■ YOUR GOAL: Every line of the listing below is to be repeated exactly; the pictures stay out.

■ DATA BELOW:

__________

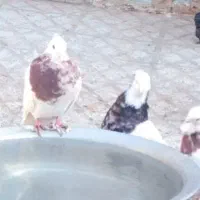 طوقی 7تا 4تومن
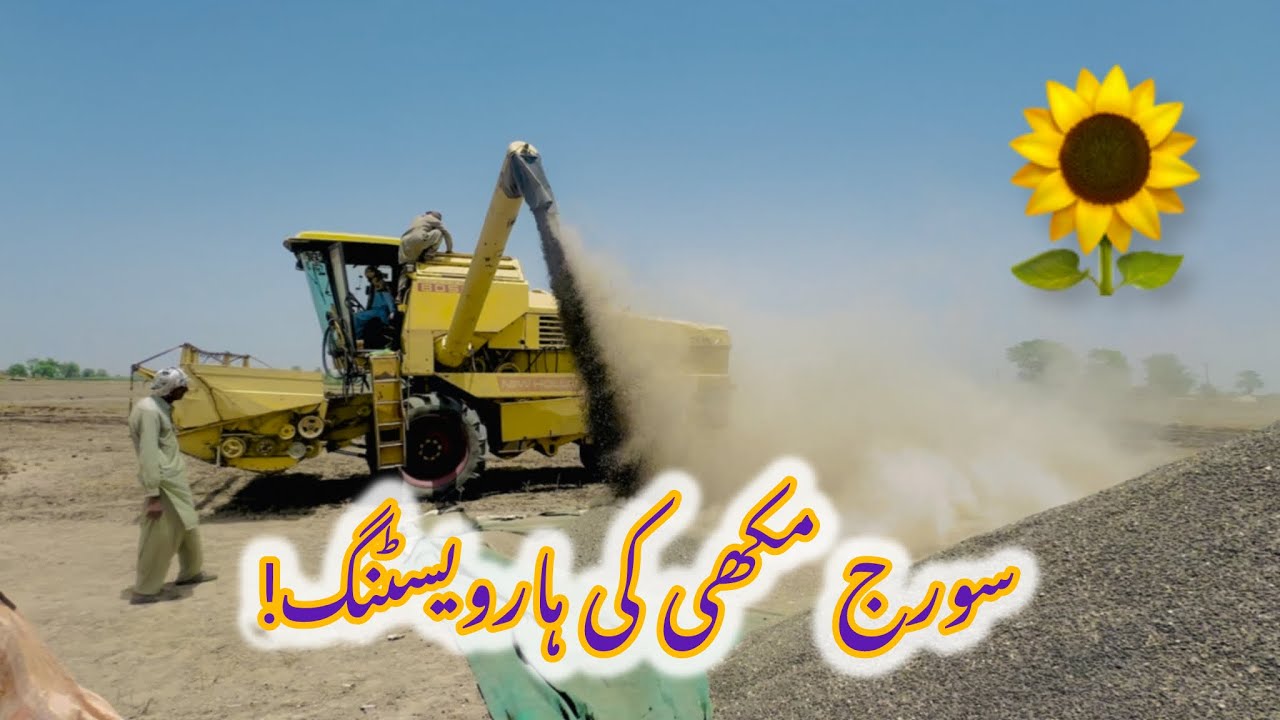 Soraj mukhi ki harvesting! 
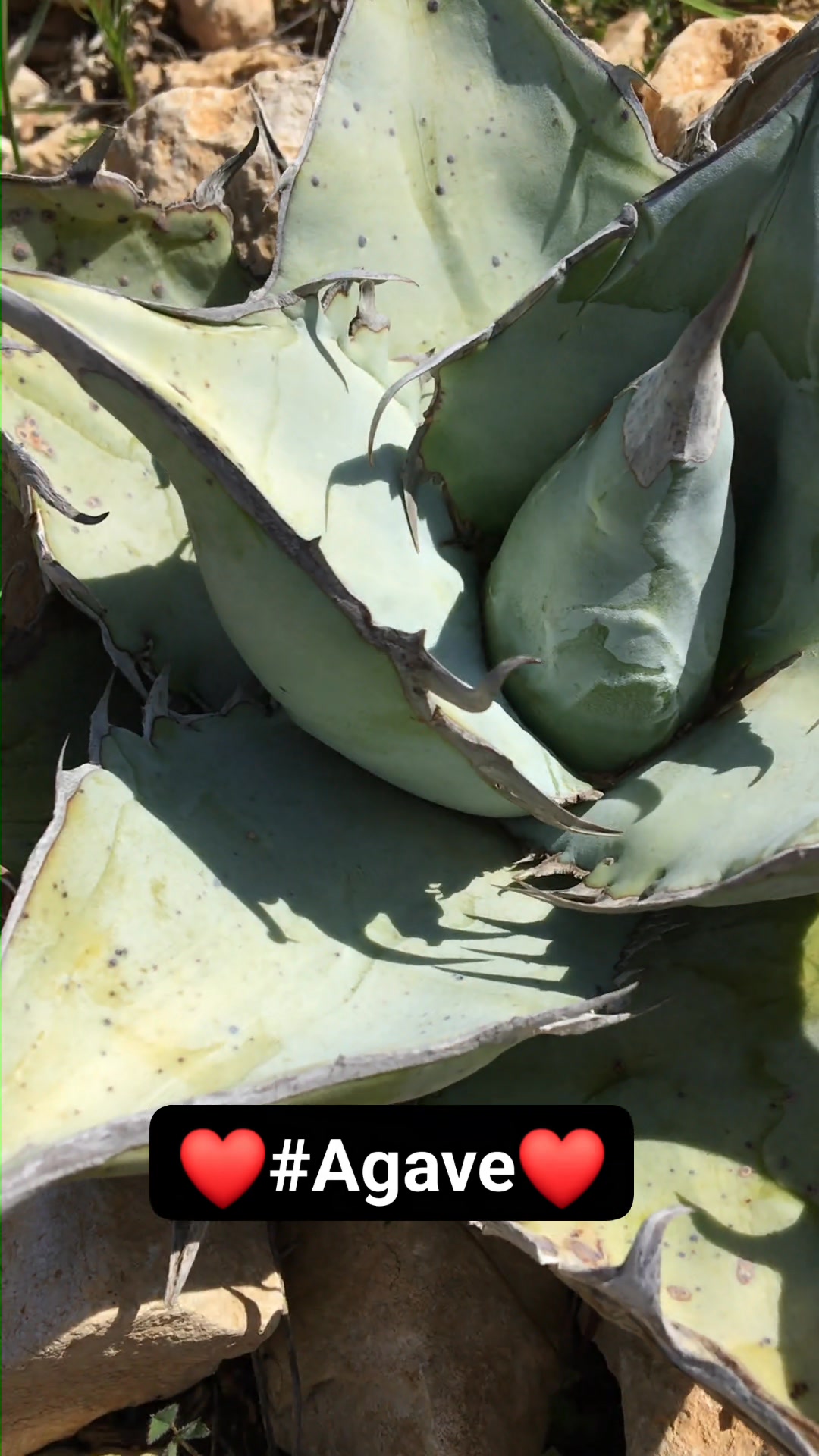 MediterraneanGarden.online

__________

■ RESPONSE:
 طوقی 7تا 4تومن
 Soraj mukhi ki harvesting! 
 MediterraneanGarden.online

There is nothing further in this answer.